= Beginning of Section =

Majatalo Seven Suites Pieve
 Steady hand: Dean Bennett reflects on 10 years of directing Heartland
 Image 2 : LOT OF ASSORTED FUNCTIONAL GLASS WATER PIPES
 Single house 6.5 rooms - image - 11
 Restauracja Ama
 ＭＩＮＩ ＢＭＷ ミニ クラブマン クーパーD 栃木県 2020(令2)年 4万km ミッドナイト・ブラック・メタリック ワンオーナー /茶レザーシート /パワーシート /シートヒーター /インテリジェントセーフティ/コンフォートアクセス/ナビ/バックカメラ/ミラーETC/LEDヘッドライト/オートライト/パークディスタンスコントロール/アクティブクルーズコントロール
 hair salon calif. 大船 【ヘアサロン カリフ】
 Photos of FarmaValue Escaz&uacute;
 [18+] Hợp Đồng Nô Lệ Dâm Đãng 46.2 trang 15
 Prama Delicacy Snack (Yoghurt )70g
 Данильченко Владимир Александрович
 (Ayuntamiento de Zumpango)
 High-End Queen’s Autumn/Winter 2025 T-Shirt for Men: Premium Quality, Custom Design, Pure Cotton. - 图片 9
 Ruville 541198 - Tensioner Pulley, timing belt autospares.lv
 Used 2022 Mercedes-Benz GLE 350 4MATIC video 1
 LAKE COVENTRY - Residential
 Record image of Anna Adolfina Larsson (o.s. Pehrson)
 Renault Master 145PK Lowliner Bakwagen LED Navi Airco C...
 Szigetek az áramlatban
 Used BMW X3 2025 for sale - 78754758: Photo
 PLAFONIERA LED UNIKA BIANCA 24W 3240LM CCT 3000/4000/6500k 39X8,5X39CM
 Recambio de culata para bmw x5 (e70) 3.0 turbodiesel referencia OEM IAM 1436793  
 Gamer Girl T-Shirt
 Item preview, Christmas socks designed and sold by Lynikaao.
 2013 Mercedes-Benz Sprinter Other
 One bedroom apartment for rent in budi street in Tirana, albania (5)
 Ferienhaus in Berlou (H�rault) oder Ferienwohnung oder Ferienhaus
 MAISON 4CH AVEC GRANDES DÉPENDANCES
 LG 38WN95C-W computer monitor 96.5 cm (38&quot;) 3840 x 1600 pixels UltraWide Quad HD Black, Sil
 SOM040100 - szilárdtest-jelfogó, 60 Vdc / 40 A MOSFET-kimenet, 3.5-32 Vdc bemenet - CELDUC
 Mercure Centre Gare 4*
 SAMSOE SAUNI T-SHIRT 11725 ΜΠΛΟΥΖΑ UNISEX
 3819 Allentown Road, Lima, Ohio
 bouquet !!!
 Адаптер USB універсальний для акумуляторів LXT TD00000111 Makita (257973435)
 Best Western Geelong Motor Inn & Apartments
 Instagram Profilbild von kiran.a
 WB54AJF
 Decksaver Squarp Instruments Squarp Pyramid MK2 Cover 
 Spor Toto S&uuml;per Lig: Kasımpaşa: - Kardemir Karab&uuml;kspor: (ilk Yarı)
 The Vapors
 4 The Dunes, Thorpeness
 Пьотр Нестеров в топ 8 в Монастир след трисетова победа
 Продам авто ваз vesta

= End of Section =

• YOUR TASK
Output the data above in full and exactly.

• SOLUTION
Majatalo Seven Suites Pieve
 Steady hand: Dean Bennett reflects on 10 years of directing Heartland
 Image 2 : LOT OF ASSORTED FUNCTIONAL GLASS WATER PIPES
 Single house 6.5 rooms - image - 11
 Restauracja Ama
 ＭＩＮＩ ＢＭＷ ミニ クラブマン クーパーD 栃木県 2020(令2)年 4万km ミッドナイト・ブラック・メタリック ワンオーナー /茶レザーシート /パワーシート /シートヒーター /インテリジェントセーフティ/コンフォートアクセス/ナビ/バックカメラ/ミラーETC/LEDヘッドライト/オートライト/パークディスタンスコントロール/アクティブクルーズコントロール
 hair salon calif. 大船 【ヘアサロン カリフ】
 Photos of FarmaValue Escaz&uacute;
 [18+] Hợp Đồng Nô Lệ Dâm Đãng 46.2 trang 15
 Prama Delicacy Snack (Yoghurt )70g
 Данильченко Владимир Александрович
 (Ayuntamiento de Zumpango)
 High-End Queen’s Autumn/Winter 2025 T-Shirt for Men: Premium Quality, Custom Design, Pure Cotton. - 图片 9
 Ruville 541198 - Tensioner Pulley, timing belt autospares.lv
 Used 2022 Mercedes-Benz GLE 350 4MATIC video 1
 LAKE COVENTRY - Residential
 Record image of Anna Adolfina Larsson (o.s. Pehrson)
 Renault Master 145PK Lowliner Bakwagen LED Navi Airco C...
 Szigetek az áramlatban
 Used BMW X3 2025 for sale - 78754758: Photo
 PLAFONIERA LED UNIKA BIANCA 24W 3240LM CCT 3000/4000/6500k 39X8,5X39CM
 Recambio de culata para bmw x5 (e70) 3.0 turbodiesel referencia OEM IAM 1436793  
 Gamer Girl T-Shirt
 Item preview, Christmas socks designed and sold by Lynikaao.
 2013 Mercedes-Benz Sprinter Other
 One bedroom apartment for rent in budi street in Tirana, albania (5)
 Ferienhaus in Berlou (H�rault) oder Ferienwohnung oder Ferienhaus
 MAISON 4CH AVEC GRANDES DÉPENDANCES
 LG 38WN95C-W computer monitor 96.5 cm (38&quot;) 3840 x 1600 pixels UltraWide Quad HD Black, Sil
 SOM040100 - szilárdtest-jelfogó, 60 Vdc / 40 A MOSFET-kimenet, 3.5-32 Vdc bemenet - CELDUC
 Mercure Centre Gare 4*
 SAMSOE SAUNI T-SHIRT 11725 ΜΠΛΟΥΖΑ UNISEX
 3819 Allentown Road, Lima, Ohio
 bouquet !!!
 Адаптер USB універсальний для акумуляторів LXT TD00000111 Makita (257973435)
 Best Western Geelong Motor Inn & Apartments
 Instagram Profilbild von kiran.a
 WB54AJF
 Decksaver Squarp Instruments Squarp Pyramid MK2 Cover 
 Spor Toto S&uuml;per Lig: Kasımpaşa: - Kardemir Karab&uuml;kspor: (ilk Yarı)
 The Vapors
 4 The Dunes, Thorpeness
 Пьотр Нестеров в топ 8 в Монастир след трисетова победа
 Продам авто ваз vesta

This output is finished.